Suppose that two firms produce a pair of imperfectly substitutable goods at the same constant marginal cost c = 16 and compete à la Bertrand (firm 1 chooses p_{1} and firm 2 chooses p_{2} ). There are no fixed costs. The market demands that the firms face each period ( q_{1} for firm 1 and q_{2} for firm 2) are given by

q_{1} = 24 - 3p_{1} + 2p_{2}

q_{2} = 24 - 3p_{2} + 2p_{1}

The horizon is infinite (T = [infinity]) and all firms discount the future by the same discount factor delta in (0, 1) . Given these firms compete repeatedly, they may be able to earn higher profits by engaging in tacit collusion. Let delta ^ * be the minimum discount factor that sustains collusion. Answer the following questions.
d) Suppose that instead of updating quantities each period, the firms are only allowed to update them in odd-numbered periods (the choice made then persists for two periods). Find the new threshold discount factor, δ ∗∗ . Is collusion now easier or harder to sustain than in the baseline case?
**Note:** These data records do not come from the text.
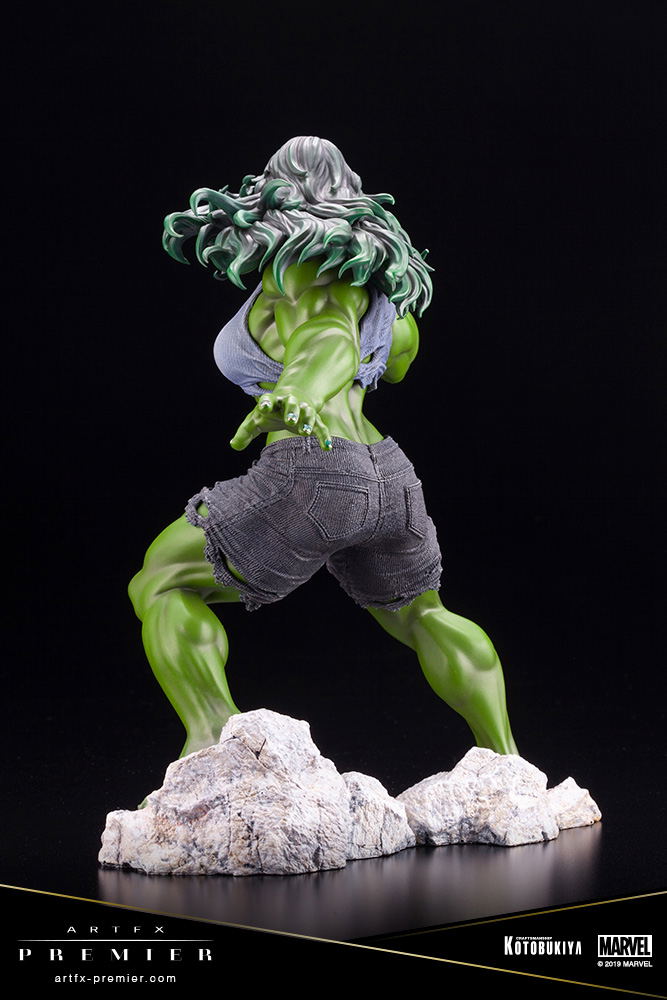 Artfx Premier Marvel Universe Avengers 1/10 Scale Pre-Painted Figure: She-Hulk image 6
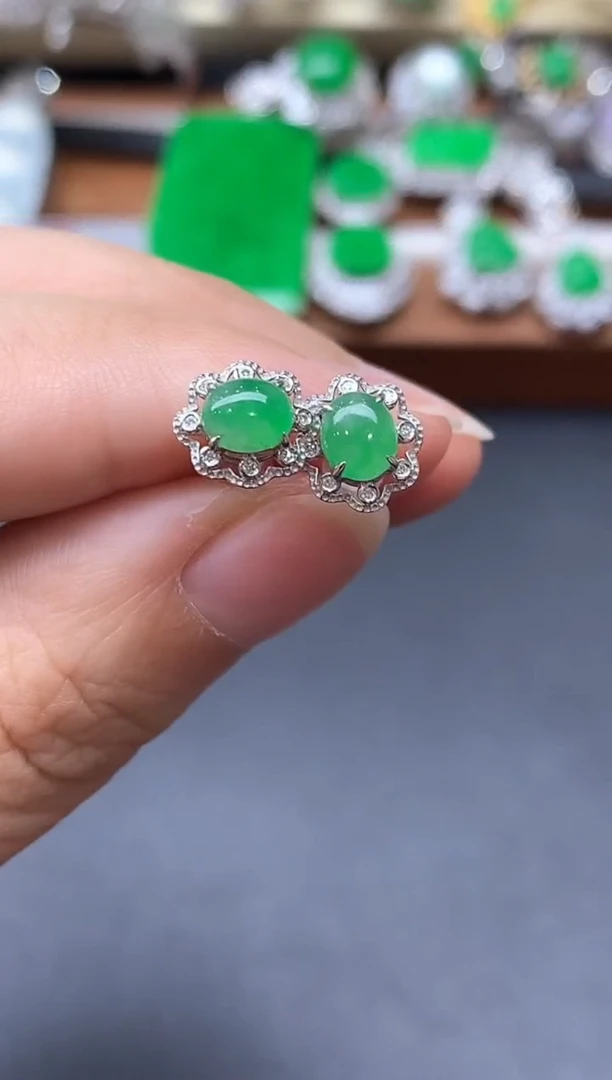 颈饰18K金镶嵌翡翠287中国好珍宝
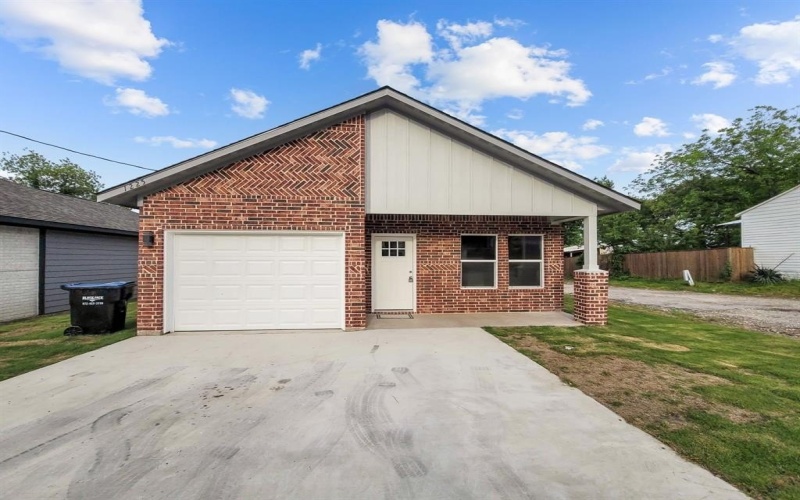 1225 Wesley Street, Greenville, TX 75401, 3 Habitaciones Habitaciones , ,2 BañosBaños,Residential,En Venta,1225 Wesley Street,20940095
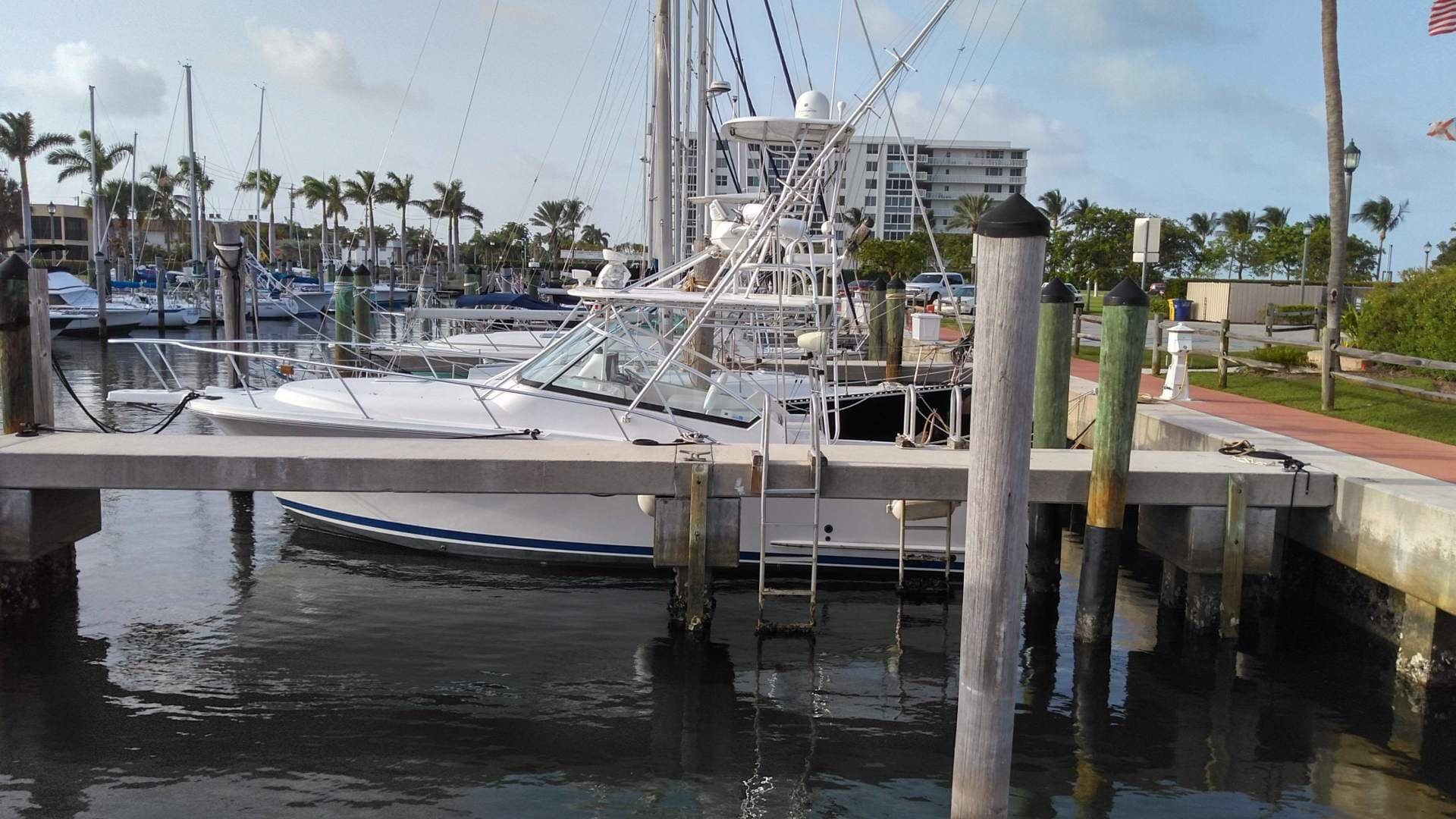 2007 Luhrs 31 Open — photo 14
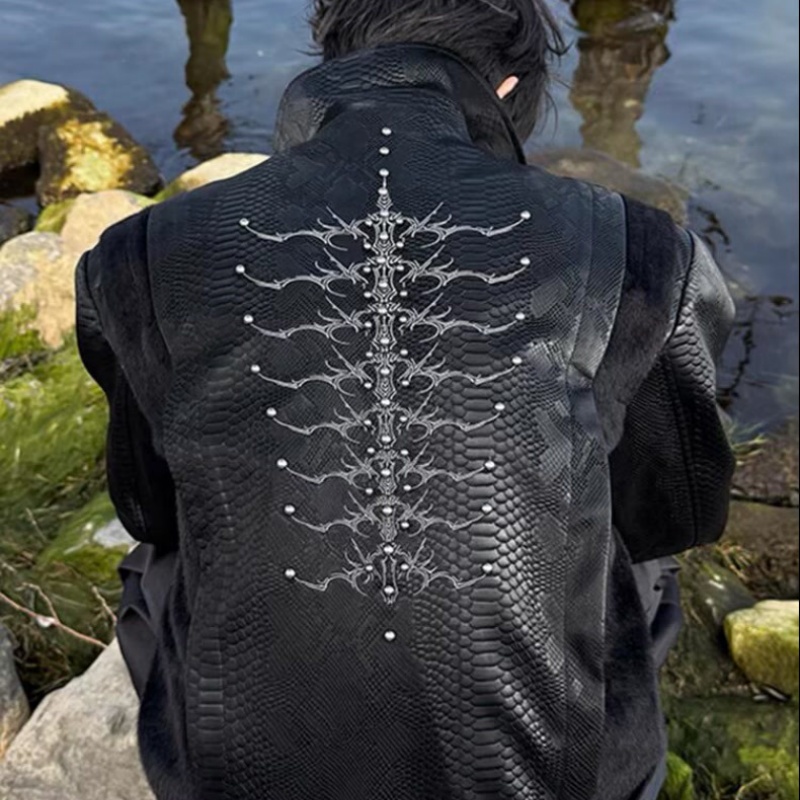 Мужская черная куртка с тиснен – обзор и цена Embroidery Jacket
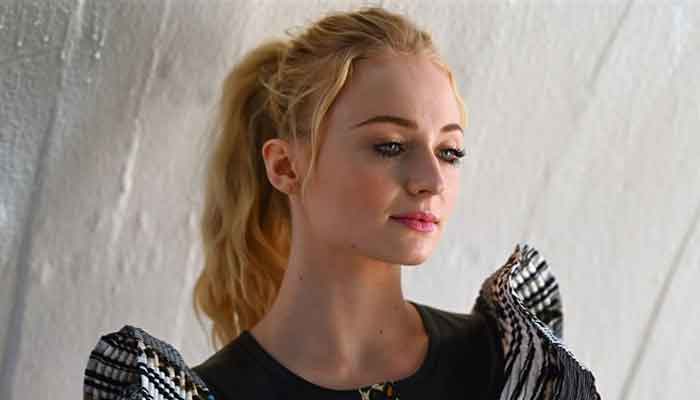 Sophie Turner defends wearing socks-and-sandals combo — just don't call it  a trend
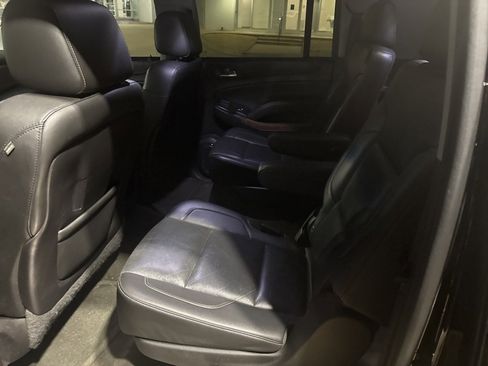 Used 2015 Chevrolet Suburban LTZ image 5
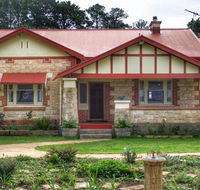 Amongst the Vines Deluxe Retreat - Kingaroy Accommodation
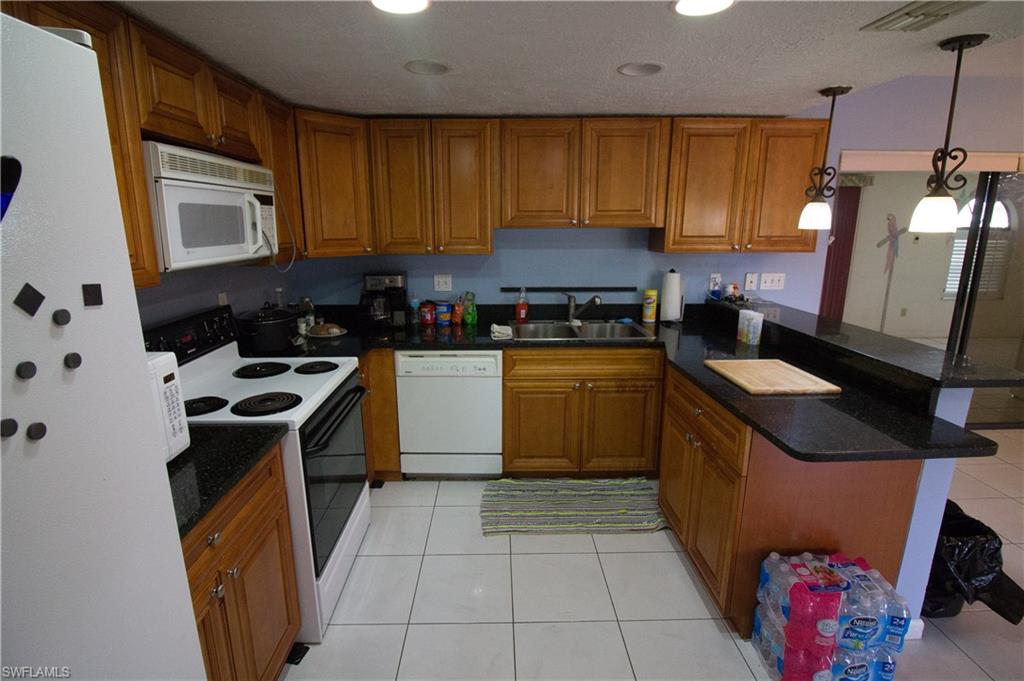 WILLOW LAKE SOUTH - Residential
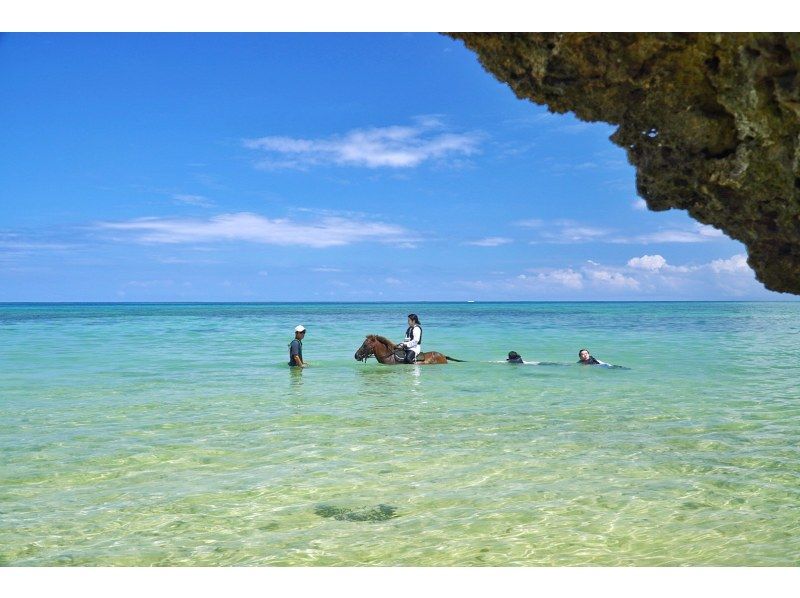 【石垣島】絶景ロケーションフォトツアー☆短時間で石垣島の贅沢なスポット巡り☆満足度120％☆【2.5時間・貸切】！Go～Goフォトツアー！の紹介画像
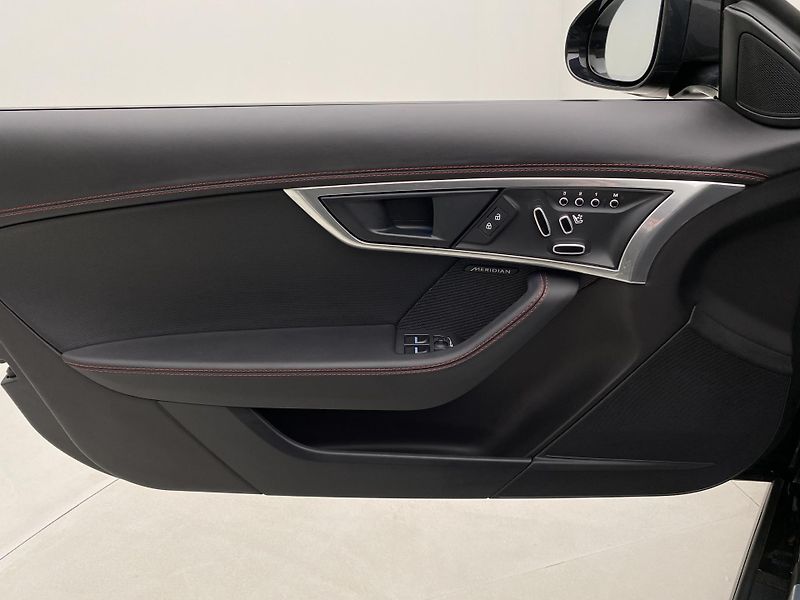 Jaguar F-Type R 5.0 423kW AWD AUT  - fotka 6 z 49
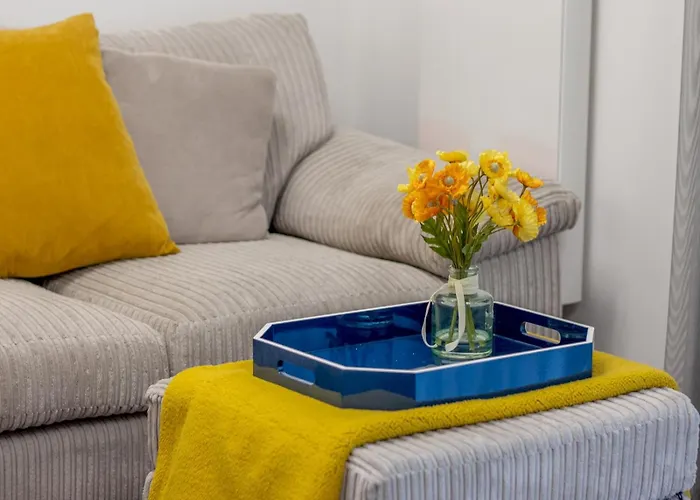 Fabulous Festival Park Private Parking Garden - Pass The Keys Holiday home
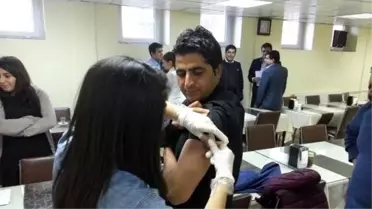 Sağlık Çalışanları Grip Aşısı Oldu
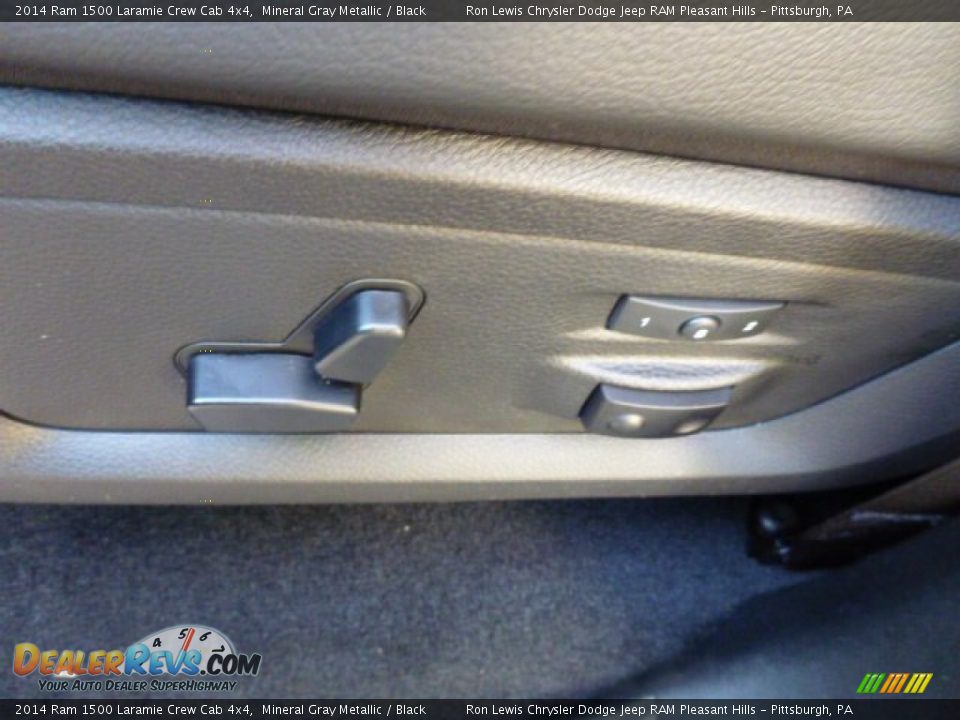 2014 Ram 1500 Laramie Crew Cab 4x4 Mineral Gray Metallic / Black Photo #15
please show all working/ reasoning.

Answer 1

To find the new threshold discount factor, δ∗∗, we need to consider the profit-maximizing strategies of the firms under the updated condition. In the baseline case, the firms update their quantities each period. However, in the new scenario, the firms are only allowed to update them in odd-numbered periods, and the choice made then persists for two periods.

Step-by-step explanation:

To find the new threshold discount factor, δ∗∗, we need to consider the profit-maximizing strategies of the firms under the updated condition. In the baseline case, the firms update their quantities each period. However, in the new scenario, the firms are only allowed to update them in odd-numbered periods, and the choice made then persists for two periods.

Under this new condition, the firms need to consider the potential strategies and their payoffs in the alternate periods. By analyzing the payoffs and potential gains from deviating from collusion, we can determine whether collusion is easier or harder to sustain than in the baseline case.